It’s time again for the San Francisco Tape Music Festival, this year being held at the Victoria Theater in San Francisco.
It’s the annual presentation of pre-recorded electronics works played on dozens of speakers surrounding the audience — a very cool event that has to be experienced in person, not on YouTube. I wrote my impressions of the experience back in 2012.
This year’s edition has a few unusual twists:
- Sunday night, Jan. 11, will feature compositions that combine tape music with live performers. It’s not that unusual a concept but is new ground for the Tape Music Festival. I’m hoping the “tape” portion continues to take advantage of the multispeaker setup.
- There’s a late-night show, 11:00 p.m. tonight (Saturday, Jan. 10) in addition to a normal-timed 8:00 p.m. show.

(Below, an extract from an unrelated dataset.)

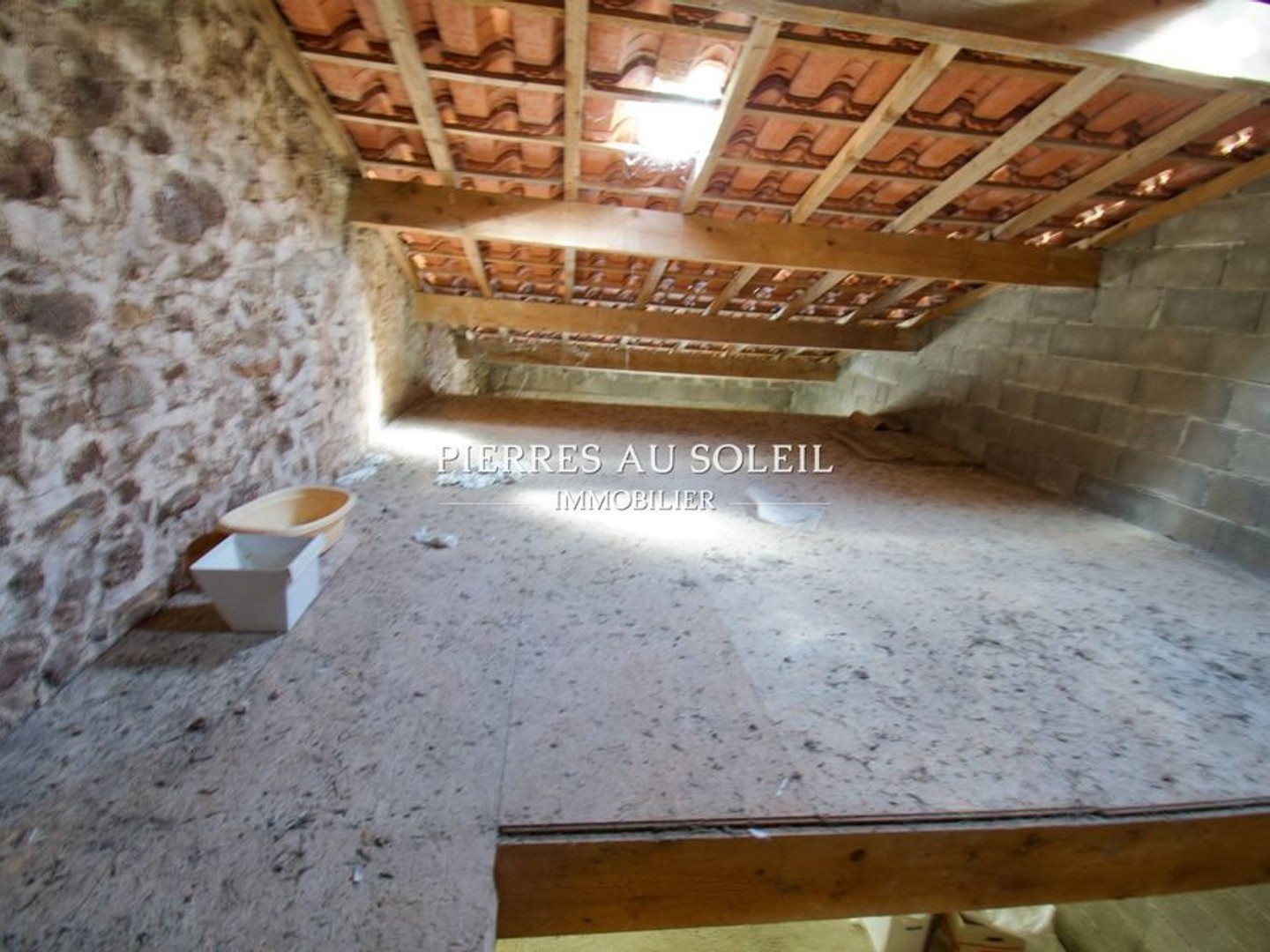 Parking / garage / box à vendre - 32m2 - La Tour-Sur-Orb (34260)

- That late-night show will include the world premiere of a Brian Eno piece, “Golden.” The web site explains: “In 2007, Eno composed Golden, a new 16-channel work specifically for our festival. He created multiple versions of various lengths, and the “full” 17-minute version will have its public debut on this program.” Also on the program: a 1966 piece by Pauline Oliveros.
- The Saturday 8:00 p.m. show features “Nasal Retentive Calliope Music,” a 1968 piece by Frank Zappa. Also on the program: a new piece by Cheryl Leonard, a musician who works with natural objects as “instruments” and once took that practice to Antarctica.
If that isn’t enough, you can also catch Bruno Ruviaro’s “Cinema for the Ears,” a recital of electronics being performed on Jan. 23 at Santa Clara University. Ruviaro is the SCU professor who guides the Santa Clara Laptop Orchestra (SCLOrk), which I’d profiled in 2012.